● PROBLEM REQUIREMENTS: From the line that contains "2008 Topps #346" to the final line below, both included, print each line exactly and skip the pictures.

*** EXERCISE MATERIALS ***

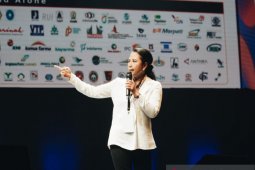 Menteri Rini tegaskan lagi semangat sinergi BUMN untuk gerakkan ekonomi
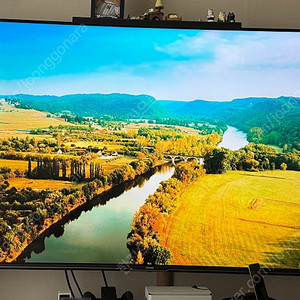 프리즘 55인치 스마트 TV uhd 판매합니다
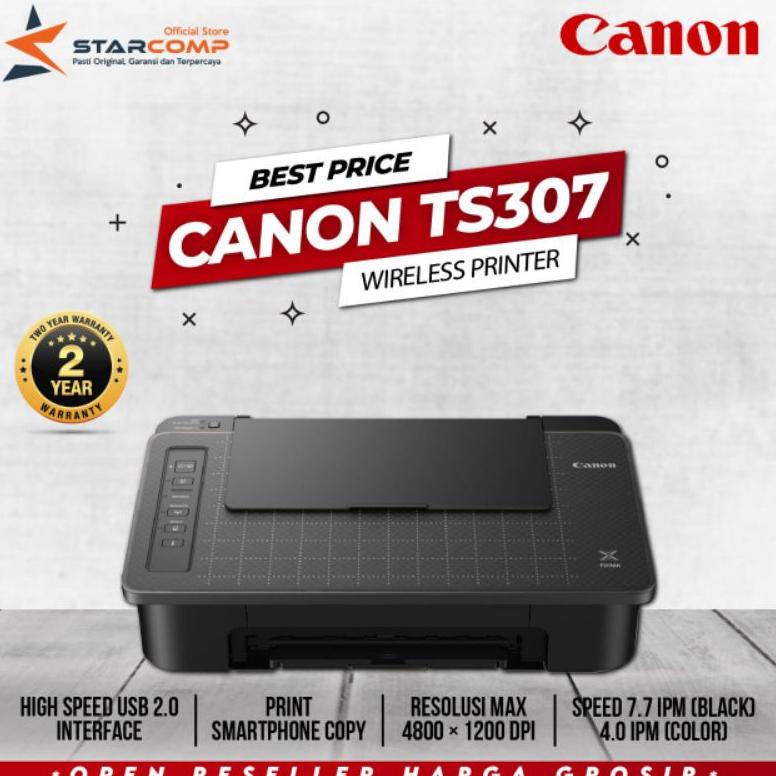 Canon Pixma TS307 Wireless Printer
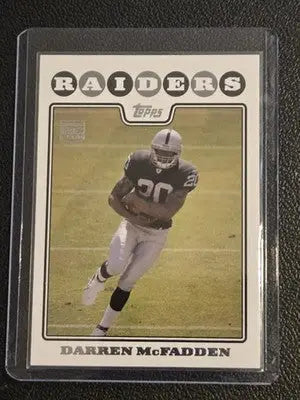 2008 Topps #346 Darren McFadden - Football Card Single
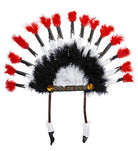 Indianer Feder Kopfschmuck Classic - 1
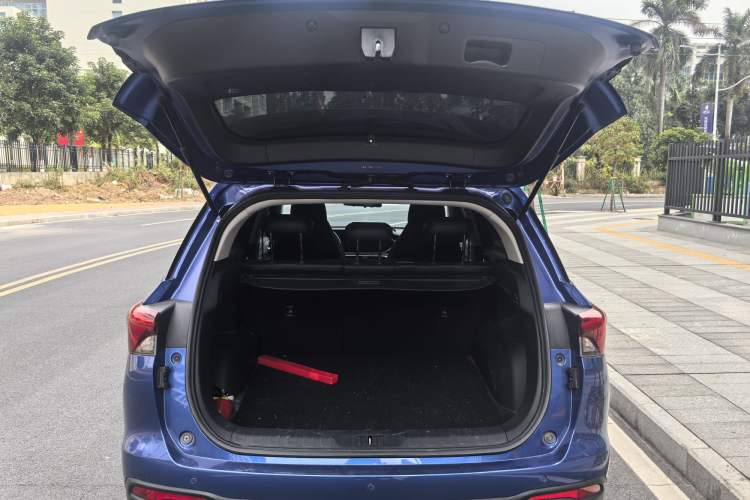 Used GAC Trumpchi GS4 2021 270T Automatic Smart Connectivity Technology Edition Trunk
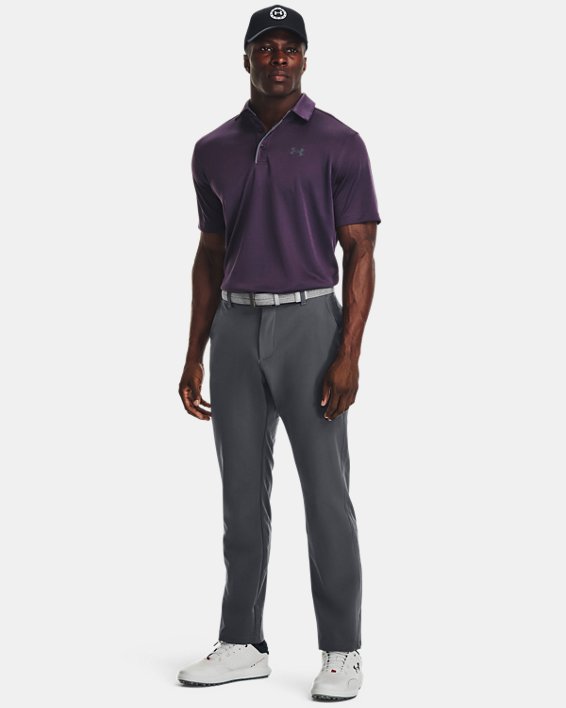 Men's UA Tech™ Polo, Purple, pdpMainDesktop image number 2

***

● WORKED SOLUTION:
 2008 Topps #346 Darren McFadden - Football Card Single
 Indianer Feder Kopfschmuck Classic - 1
 Used GAC Trumpchi GS4 2021 270T Automatic Smart Connectivity Technology Edition Trunk
 Men's UA Tech™ Polo, Purple, pdpMainDesktop image number 2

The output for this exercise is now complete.